Pris dutifully helps dispose of the body with her trusty fillet knife, but then the knife goes missing, and a bag of money turns up. Add to this delicious, subtly funny setup a cabal of older ladies (June Squibb, Anette O’Toole, and Marceline Hugot) that keep a vise-grip control over the town, secretly in charge of everything. But Margo Martindale steals the movie as Enid Nora Devlin, who runs the town brothel and has a mysterious connection to the other ladies.

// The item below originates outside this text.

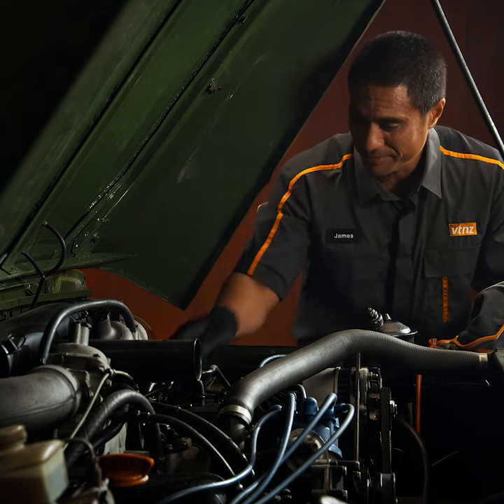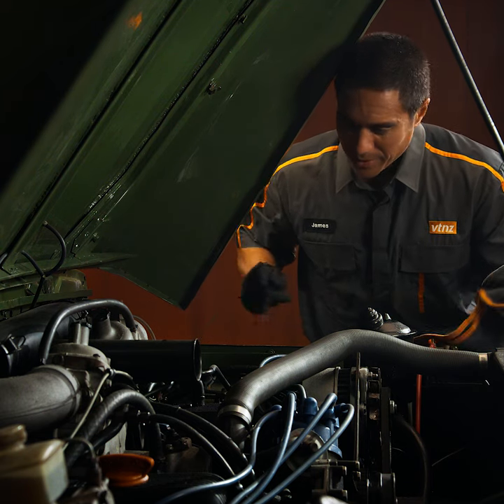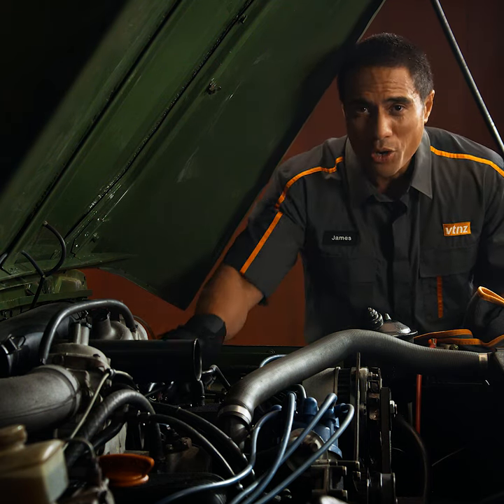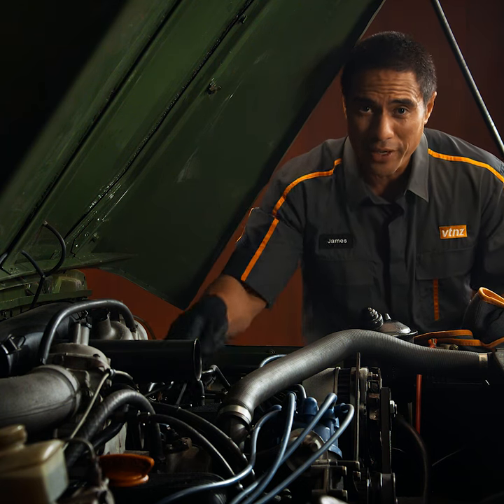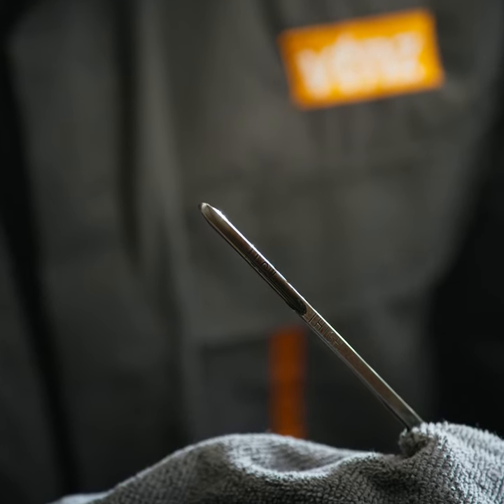Then remove your vehicle's dipstick. Wipe it clean. Reinsert it and then remove again and check the reading, making sure it's between the recommended levels as displayed on the dipstick.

Martindale’s sense of motherly menace, as she lumbers around in huge, black shawls and a black cane, is great fun.
Spike Lee’s explosive career proves that there’s hardly anyone quite so talented, prolific, or foolhardy working today. He takes risks and fails quite often; some of his more recent efforts are close to unwatchable, and certainly some viewers will think that of Chi-Raq (2015), Amazon’s first original film. It’s based on the ancient play Lysistrata by Aristophanes, and largely written in a hip-hop rhyme scheme with some musical numbers thrown in, but it’s also set in a modern-day, violence-ridden Chicago, nicknamed “Chi-Raq” to sound like “Iraq.” Chi-Raq (Nick Cannon) is also the name of the leader of a gang, the Spartans, at war with the Trojans, headed by the one-eyed Cyclops (a loony Wesley Snipes).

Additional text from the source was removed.